News and Information

SADC Tightens Screws On Zim
July 15, 2004

Financial Gazette (Harare)

July 15, 2004
Posted to the web July 15, 2004

Njabulo Ncube

PRESSURE is inexorably rising on the increasingly ostracised Zimbabwe government to overhaul the country's electoral process in line with regional norms and standards, following the drafting of a revised set of regulations by the Southern African Development Community (SADC), to be considered at next month's summit to be held in Mauritius.

The revised principles and guidelines governing democratic elections among SADC's 14 member states is seen as specifically designed to force Zimbabwe to adhere to regional norms and standards when conducting elections, which have been tainted by procedural and legal irregularities.

The new guidelines come in the wake of a chorus of angry voices from the opposition and civic groups accusing President Robert Mugabe's government of taking advantage of flawed electoral procedures to rig successive parliamentary and presidential elections.

It has been charged that the most powerful weapon that the government, which has been using the power of incumbency, has is deceit. Independent observers in the last presidential election claim that the voters' roll had in excess of 800 000 dead people registered as voters while 700 000 were not known at the addresses under which they were registered.

The new principles and guidelines, to be tabled at the heads of state and government summit in Mauritius, come against the back cloth of largely sterile diplomatic manoeuvres by South African President Thabo Mbeki to break the political impasse in the southern African nation.

Mbeki has been at the centre of the delicate arbitration between Zimbabwe's feuding political parties, the Movement for Democratic Change (MDC) and the ruling ZANU PF. His efforts have however so far drawn a blank although he is still in touch with both parties which he continues to meet regularly for consultations.

African states and institutions, which previously steadfastly refused to censure Zimbabwe for the deteriorating political and economic situation, have, in recent months, brought pressure to bear on Harare.

Only last week, Zimbabwean government officials made frantic efforts to avert the adoption by the African Union (AU) heads of state and government of a damaging report on human rights violations, prepared by the AU's Commission on Human and People's Rights (ACHPR) and circulated in Addis Ababa, Ethiopia.

Although the government has, in recent weeks, proposed changes to the country's electoral laws which currently favour the ruling ZANU PF, opposition groups and critics have argued that these were insufficient as they focused primarily on the monitoring of elections, not the process itself.

While the proposed changes, which were approved by the ZANU PF politburo, will mean, among other things, that voting will be conducted in one day and that translucent ballot boxes will be used, they do not address fundamental issues such as equal access to public media by all parties.
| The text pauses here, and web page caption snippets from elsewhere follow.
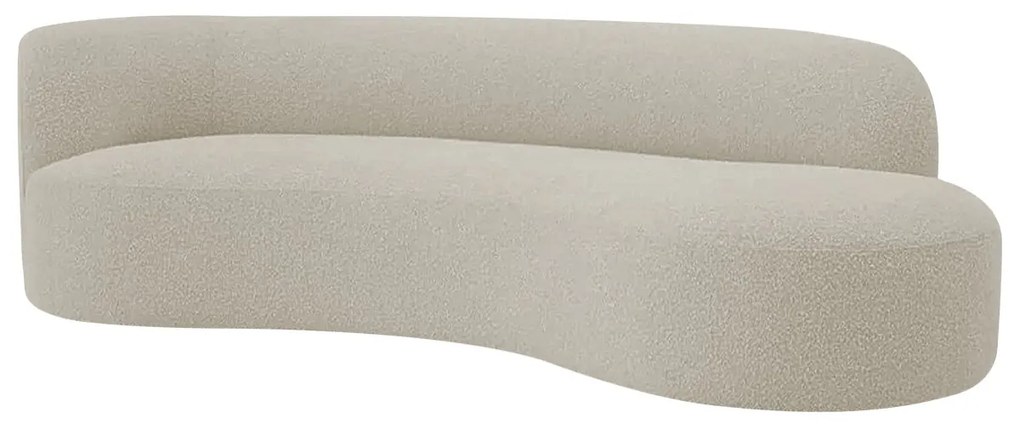 Divã Recamier Orgânico Tokyo 160cm Lado Direito Linho - ADJ Decor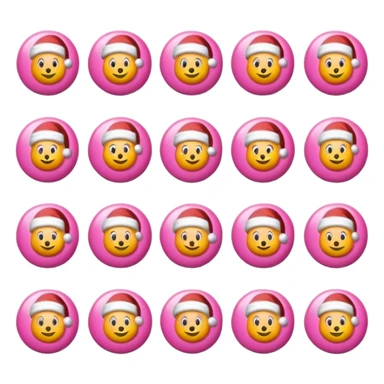 pink christmas sticker pack sticker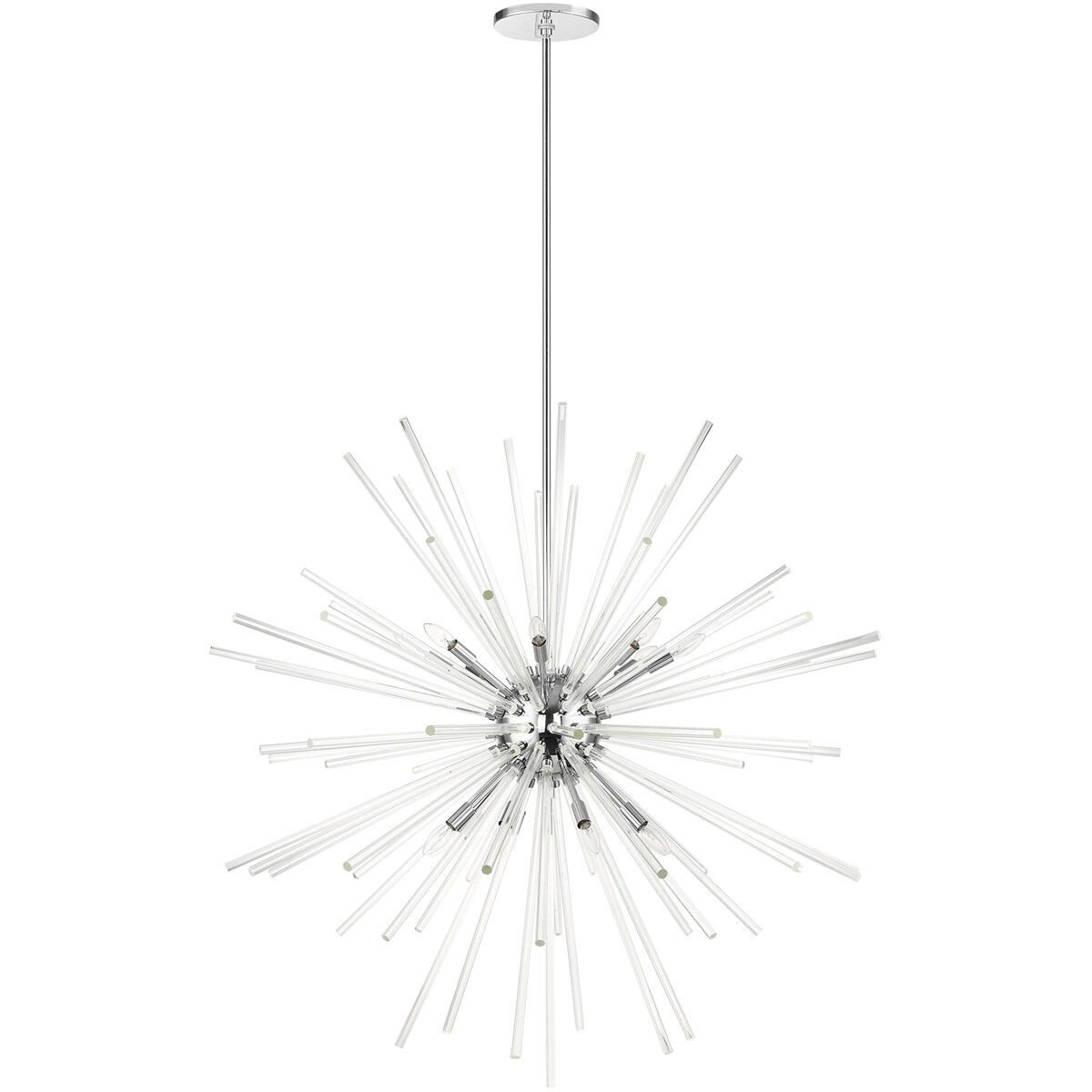 Utopia 16 Light 50 inch Polished Chrome Foyer Pendant Chandelier Ceiling Light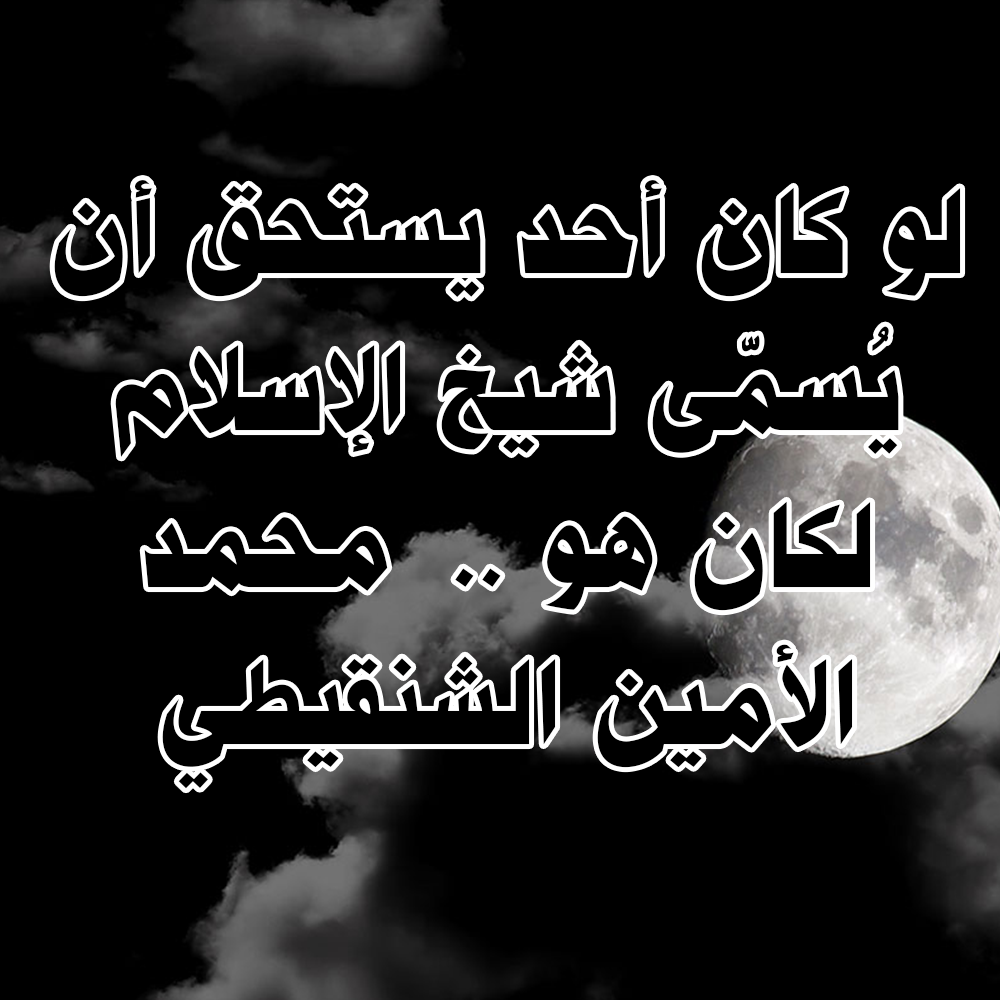 لو كان أحد يستحق أن يُسمّى شيخ الإسلام لكان هو .. محمد الأمين الشنقيطي 1 19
The ruling party has maintained an iron grip on the state media to the exclusion of all dissenting voices.

However, the SADC draft, which was produced on June 9, is expected to stir a lot of debate at the Mauritius summit, which opens on August 9 and ends on August 17, as it seeks to address some of these contentious issues.

Political analysts and opposition political parties that have perused the draft proposals were yesterday adamant the measures were part of diplomatic tactics being employed by SADC heads of states, disappointed by the unresolved political crisis in Zimbabwe, to nudge President Robert Mugabe to return the country to normalcy.

"It is a way of trying to solve Zimbabwe's political crisis by using SADC. Heads of state in SADC have failed using other avenues. Now they are using the principles and guidelines governing democratic elections as a way of forcing President Mugabe to at least ensure free and fair elections," said a diplomat.

"President Mbeki has failed dismally with his quiet diplomacy. It is thought that he has found a way to short-circuit the process of solving Zimbabwe's problems. Maybe if there are free and fair elections whose outcome is accepted by everyone, including the opposition, the problem will disappear," added the diplomat.

The draft states that SADC member states holding elections should ensure that polling stations are situated in neutral places and counting of the votes is carried out at the polling stations.

It also emphasises the use of translucent ballot boxes, among other conditions necessary in holding elections in a democratic state and that SADC observer missions should be deployed at least two weeks before the voting day.

Authors of the draft, viewed as taking a sterner stance on regional states with democratic deficits, want member states to adhere to seven principles to ensure the conduct of democratic elections.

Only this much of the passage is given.